Everybody remembers:
Yeti pinning Santa Claus.
Rich Athlete walking away with NPCW gold.
NPCW losing both main events.
The Alpha Alliance fracturing in real time.
NPCW’s stats look good in a vacuum.
Wrestling does not exist in a vacuum.
HCW (Non–Dominion): The Underachieving Undercard
Strip away the Dark Dominion and HCW’s “regular roster” had a rough weekend:
Only 2 wins
Lost almost every meaningful match
Barely held onto one title
Got carried by Rich Athlete
HCW’s non-Dominion talent looked like the B-show at their own event.
And that’s a problem going into Zero Hour.
DARK DOMINION: THE ACTUAL WINNERS
Forget the brand split. Forget the poster logos. Forget the merch.
If you look at who walked out with influence, heat, momentum, and power, it’s not NPCW or HCW.
It’s Vlad’s monsters. And his affiliates.
They:
Went undefeated in both main events,
Provided the psychological warfare that broke Santa & Jax,
Tightened their grip on HCW’s upper card,
Used Convergence as a recruitment booth and a showcase,
And watched as Jack Lumber successfully defended the HCW World Title against NPCW’s Rudolph, reinforcing their home promotion’s dominance.

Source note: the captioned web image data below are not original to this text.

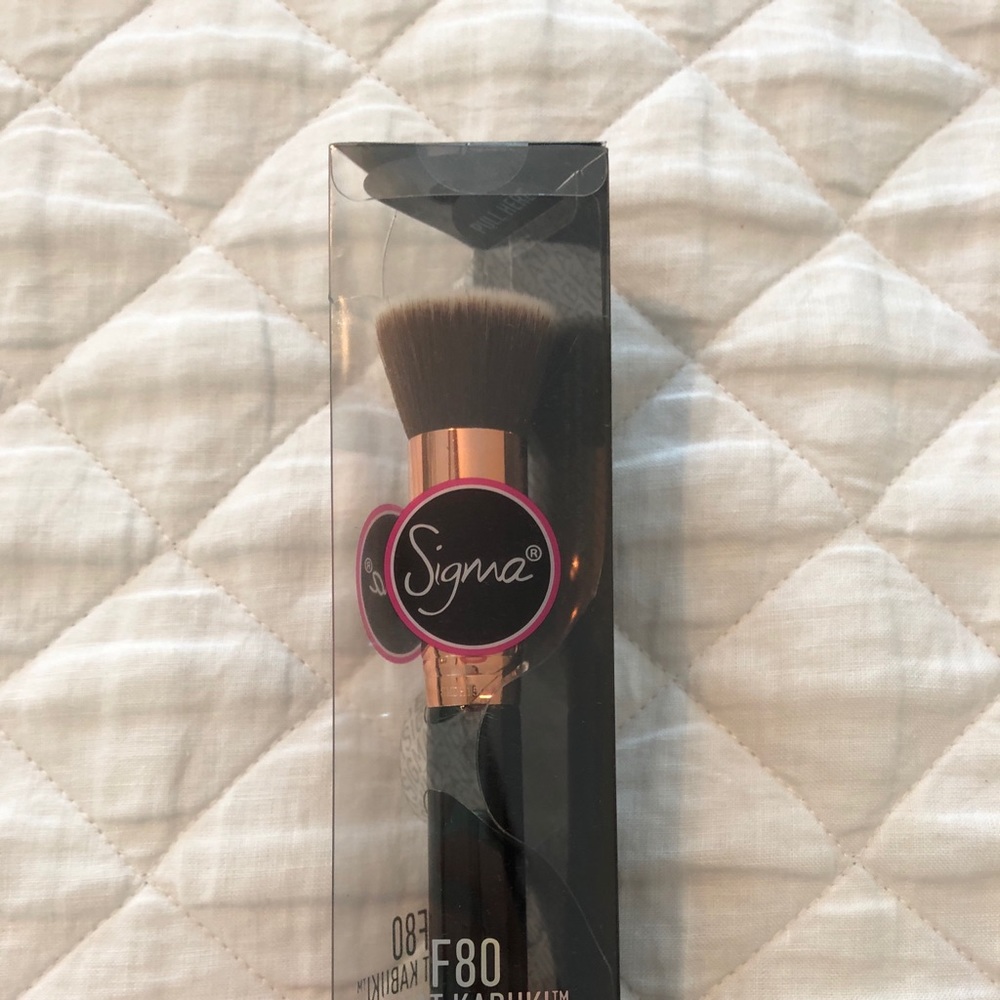 Sigma F80 Flat Kabuki Foundation Brush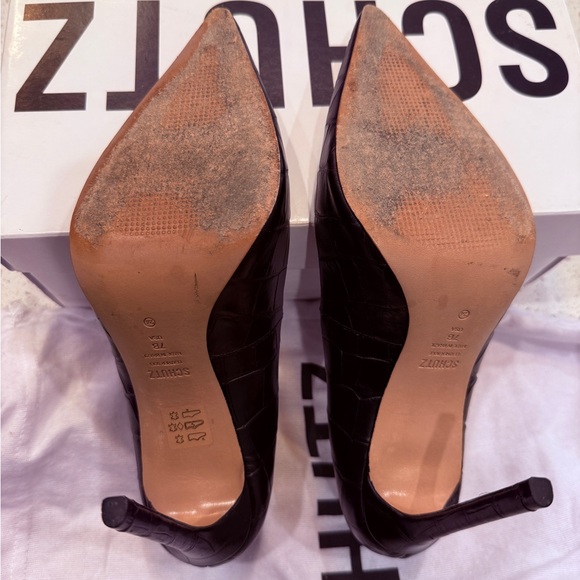 🖤🖤Schutz Black Croc-Embossed Pointed-Toe Pumps – Size 7 | 4” Heel - Picture 5 of 9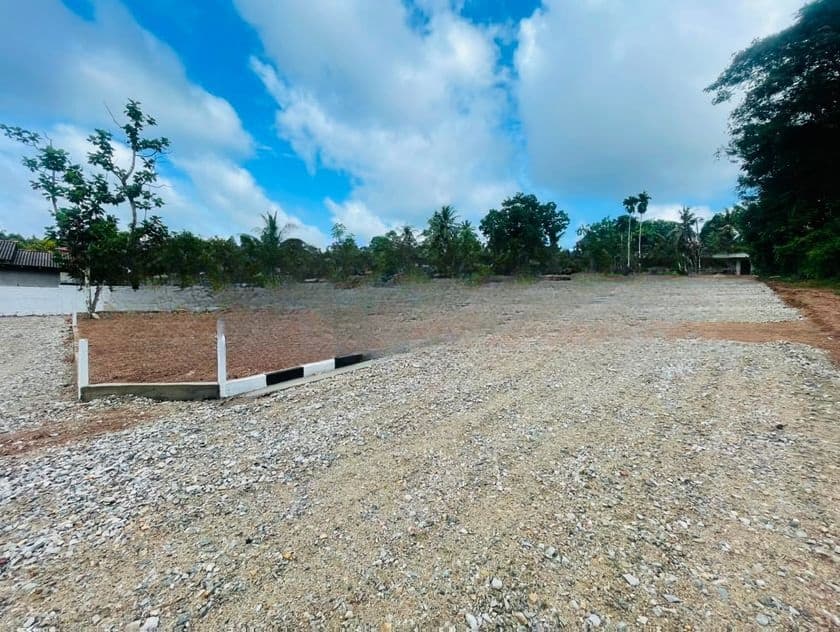 Gampaha උඩුගම්පොළ පර්චස් 12.5ක ඉඩමක් විකිණීමට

The Dominion didn’t win the stats.
They won the weekend.
Brutal Truth:
NPCW won the battle.
HCW survived the storm.
But the Dark Dominion controlled the war.
And they know it.
FINAL WORD
Convergence didn’t create tension.
It exposed it.
Amplified it.
Weaponized it.
The bridges are open.
The champions are uneasy.
The monsters are moving freely.
And December is looking like a battlefield with two different climates and one shared forecast:
Blood, gold, and reckoning.
If you think this feud is cooling off after Convergence?
Kid…
we’re just getting started.
-Dave “The Brute” Kent
“Stay brutal, folks—because with the way these promotions are running things, someone has to keep the IQ in the room above freezing.”